Okay, ever since that new entry-level iMac we hinted at last week finally showed up this past Monday, we've gotten a ton of mail from people asking us just what the heck is up with the pricing on that unit. Not the $799 that Apple is charging regular joes-- most people are okay with that. Rather, as faithful viewer Ross Mon points out, it's the fact that this exact same configuration is being sold in the educational channel for $849, thus introducing yet another Apple innovation: the Negative Education Discount. Yes, while the other iMacs are available to students and teachers for $50-90 off the standard retail pricing, the entry-level system costs fifty bucks more. That's a -6.3% savings. Such a deal!

We've let this slide for a few days, because we just figured that the folks responsible for updating the Apple Store for Education were a little bogged down. After all, this "new" entry-level iMac actually isn't new at all; Apple has sold the bare-bones config in the educational channel since July, while consumers were stuck going with the $999 model or higher. Since the education-only entry-level system has cost $849 ever since, we simply assumed that Apple hadn't gotten around to updating its price list and that the education model would drop to, say, $749 any minute. Now it's been three days, though, so we can't help but wonder whether that listed $849 price is the real deal.
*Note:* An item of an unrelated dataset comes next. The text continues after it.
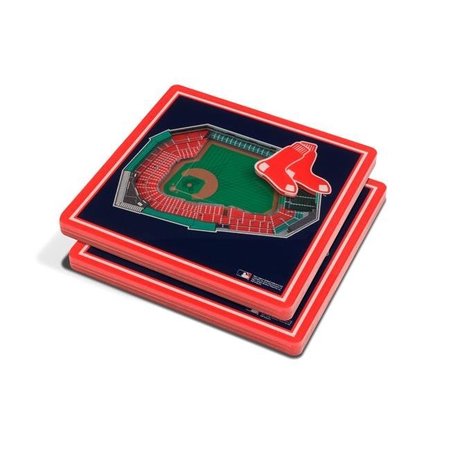 YOU THE FAN YouTheFan 9021322 MLB Boston Red Sox Fenway Park 3D StadiumViews Coaster Set - Pack of 2 9021322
If it is, then Steve's got one more thing to explain the next time he gives his spiel about how "education is in [Apple's] DNA." Tip to Apple: we're sure it's just a mistake (we'd check with you, but that's something journalists do), but you might want to fix it before the EDUCAUSE conference rolls around at the end of the month, or else you might have to field a lot of unpleasant questions from the attendees-- or, more likely, the same unpleasant question over and over again.